* YOUR GOAL
Please keep to the lines below from the one with "Caterpillar 107-6228 Boom" through the one with "6881 Mountridge Drive Las Vegas, NV 89110", and restate them word for word, ends included.

***** PROVIDED ENTRIES *****

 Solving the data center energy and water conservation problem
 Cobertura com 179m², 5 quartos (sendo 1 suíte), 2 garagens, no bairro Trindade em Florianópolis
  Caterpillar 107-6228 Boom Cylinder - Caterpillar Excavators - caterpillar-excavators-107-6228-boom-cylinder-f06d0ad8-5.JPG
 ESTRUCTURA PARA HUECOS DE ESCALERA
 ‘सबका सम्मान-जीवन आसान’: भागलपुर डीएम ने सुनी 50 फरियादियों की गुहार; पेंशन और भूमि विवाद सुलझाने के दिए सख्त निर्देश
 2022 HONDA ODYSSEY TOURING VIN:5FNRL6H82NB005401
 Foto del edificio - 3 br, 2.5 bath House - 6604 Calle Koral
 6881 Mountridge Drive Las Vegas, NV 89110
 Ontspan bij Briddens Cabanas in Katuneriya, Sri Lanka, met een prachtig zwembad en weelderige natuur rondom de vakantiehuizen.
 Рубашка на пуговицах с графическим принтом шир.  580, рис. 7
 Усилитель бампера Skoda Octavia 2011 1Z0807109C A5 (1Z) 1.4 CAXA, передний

*****

* WRITTEN RESPONSE
  Caterpillar 107-6228 Boom Cylinder - Caterpillar Excavators - caterpillar-excavators-107-6228-boom-cylinder-f06d0ad8-5.JPG
 ESTRUCTURA PARA HUECOS DE ESCALERA
 ‘सबका सम्मान-जीवन आसान’: भागलपुर डीएम ने सुनी 50 फरियादियों की गुहार; पेंशन और भूमि विवाद सुलझाने के दिए सख्त निर्देश
 2022 HONDA ODYSSEY TOURING VIN:5FNRL6H82NB005401
 Foto del edificio - 3 br, 2.5 bath House - 6604 Calle Koral
 6881 Mountridge Drive Las Vegas, NV 89110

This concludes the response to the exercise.